- Prompt -
Please give back only the lines below from the one containing "3KPF24AD0KE067656 фото 6" to the one containing "Photo 3 of Single", each repeated word for word, both ends included.

- Input -
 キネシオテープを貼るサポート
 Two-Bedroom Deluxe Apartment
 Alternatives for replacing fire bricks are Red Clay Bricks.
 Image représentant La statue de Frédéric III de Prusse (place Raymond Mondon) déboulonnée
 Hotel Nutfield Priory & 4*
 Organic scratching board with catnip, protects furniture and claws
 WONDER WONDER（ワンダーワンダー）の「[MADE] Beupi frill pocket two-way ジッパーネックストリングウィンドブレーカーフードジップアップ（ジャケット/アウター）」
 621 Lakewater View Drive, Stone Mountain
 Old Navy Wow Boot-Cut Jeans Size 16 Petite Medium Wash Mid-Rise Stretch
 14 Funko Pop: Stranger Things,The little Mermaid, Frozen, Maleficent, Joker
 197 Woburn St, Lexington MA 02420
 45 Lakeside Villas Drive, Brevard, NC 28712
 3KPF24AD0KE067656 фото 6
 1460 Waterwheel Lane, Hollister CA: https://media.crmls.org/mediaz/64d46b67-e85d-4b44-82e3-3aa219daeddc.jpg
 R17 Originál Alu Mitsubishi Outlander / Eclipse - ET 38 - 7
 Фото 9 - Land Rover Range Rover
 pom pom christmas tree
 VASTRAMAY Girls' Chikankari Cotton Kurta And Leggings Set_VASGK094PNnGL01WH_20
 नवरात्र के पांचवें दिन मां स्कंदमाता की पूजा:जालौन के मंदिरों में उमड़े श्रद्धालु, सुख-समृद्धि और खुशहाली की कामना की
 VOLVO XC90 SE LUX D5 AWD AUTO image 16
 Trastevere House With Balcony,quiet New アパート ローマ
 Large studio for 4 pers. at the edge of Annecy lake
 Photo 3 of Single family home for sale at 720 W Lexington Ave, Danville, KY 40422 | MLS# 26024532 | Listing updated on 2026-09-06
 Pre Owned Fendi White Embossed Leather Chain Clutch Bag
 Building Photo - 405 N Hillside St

- Response to the task -
 3KPF24AD0KE067656 фото 6
 1460 Waterwheel Lane, Hollister CA: https://media.crmls.org/mediaz/64d46b67-e85d-4b44-82e3-3aa219daeddc.jpg
 R17 Originál Alu Mitsubishi Outlander / Eclipse - ET 38 - 7
 Фото 9 - Land Rover Range Rover
 pom pom christmas tree
 VASTRAMAY Girls' Chikankari Cotton Kurta And Leggings Set_VASGK094PNnGL01WH_20
 नवरात्र के पांचवें दिन मां स्कंदमाता की पूजा:जालौन के मंदिरों में उमड़े श्रद्धालु, सुख-समृद्धि और खुशहाली की कामना की
 VOLVO XC90 SE LUX D5 AWD AUTO image 16
 Trastevere House With Balcony,quiet New アパート ローマ
 Large studio for 4 pers. at the edge of Annecy lake
 Photo 3 of Single family home for sale at 720 W Lexington Ave, Danville, KY 40422 | MLS# 26024532 | Listing updated on 2026-09-06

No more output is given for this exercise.